Votre réponse était de très bonne facture à ce propos. Quand les devs vous interpellent "c'est un peu comme si on venez vous dire que la presse est pourrie", ce qui n'est qu'un cri du cœur à traduire par "vous aussi vous n'allez tout de même pas remettre en question l'ensemble du système duquel vous faites partie ! Vous comprenez que ça fait mal quand on le fait ! Vous comprenez qu'on soit obligé de se défendre ! " et que vous répondez en substance par "j'aurais tendance à dire qu'ils ont raison" alors toute la différence de point de vue de la conversation se retrouve matérialisé dans cette différence de réponse, ce qui illustre parfaitement les raisons du dialogue de sourd, et le malaise qu'on peut ressentir à la lecture de l'article. 

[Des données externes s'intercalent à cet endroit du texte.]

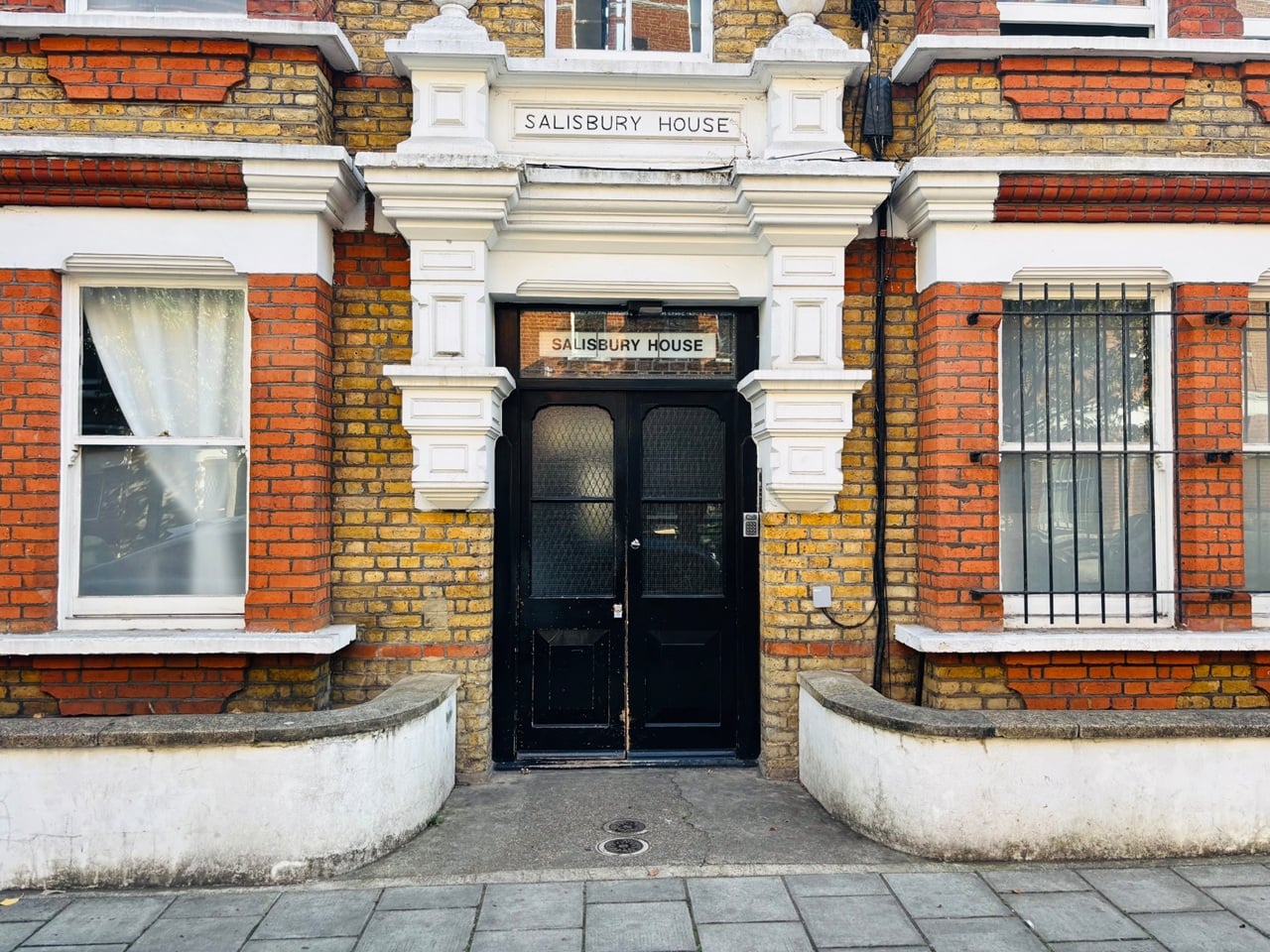 2 Bed Flat, Salisbury House, SW2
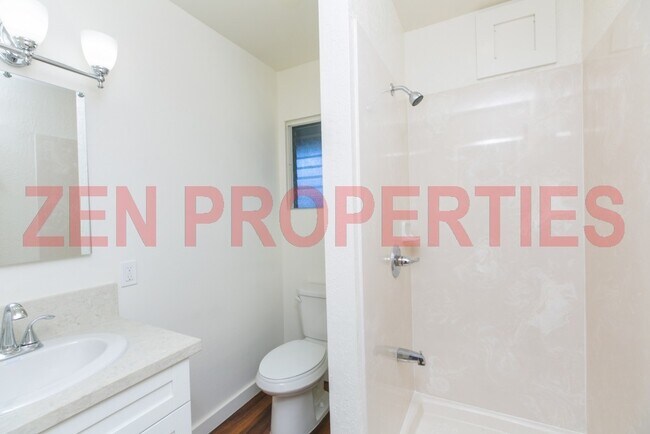 Building Photo - 1379 Hunakai St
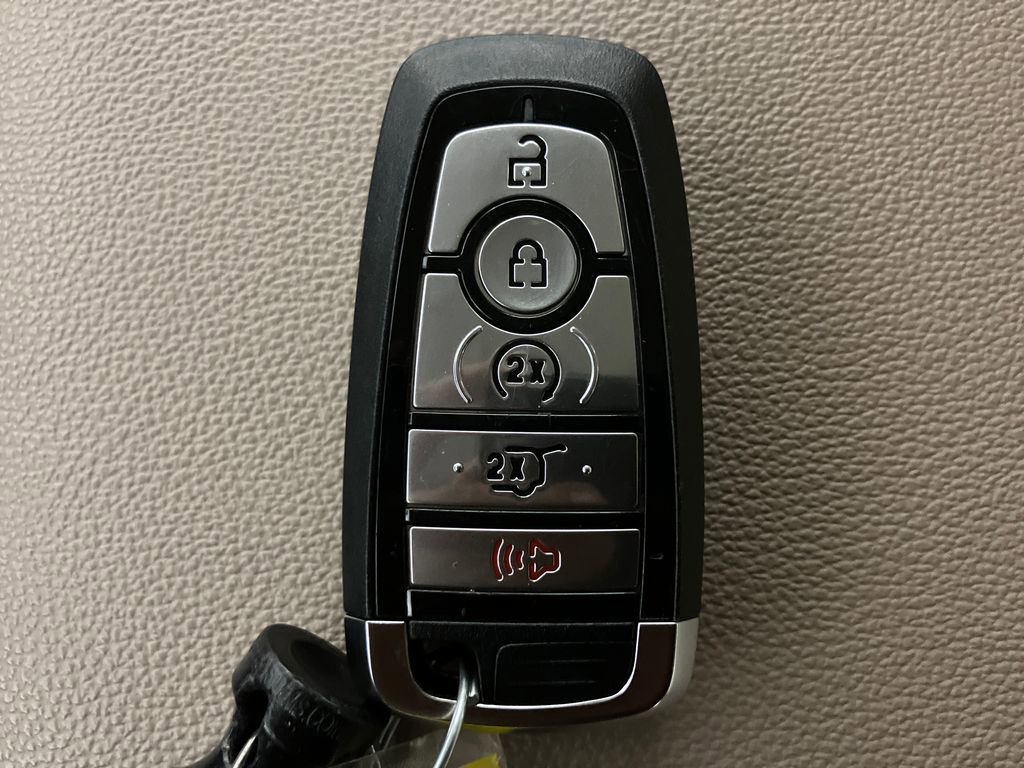 Certified 2024 Ford Expedition Limited image 34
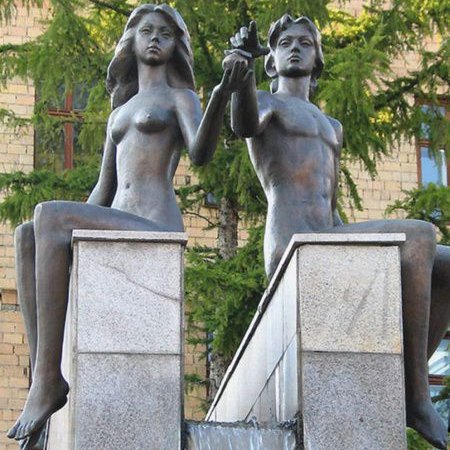 Фонтан скульптура «Адам и Ева» в Красноярске,Фонтан,Красноярск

Et tout ça c'est sans parler des réponses qui sont tout simplement de mauvaise foi. Quand vous les ramenez deux ou trois fois sur l'exemple du "je voudrais pouvoir zapper mes vidéos" et qu'ils se défendent avec des exemples autres (et bien plus compliqué à corriger évidemment) ou qu'ils emploient des arguments d'autorités ("c'est bien plus dur à coder que ce que vous pensez") parfois à la limite de l'infantilisation (les joueurs, cette plèbes, ils ne peuvent pas comprendre) il y a de quoi ->  :Boom: ...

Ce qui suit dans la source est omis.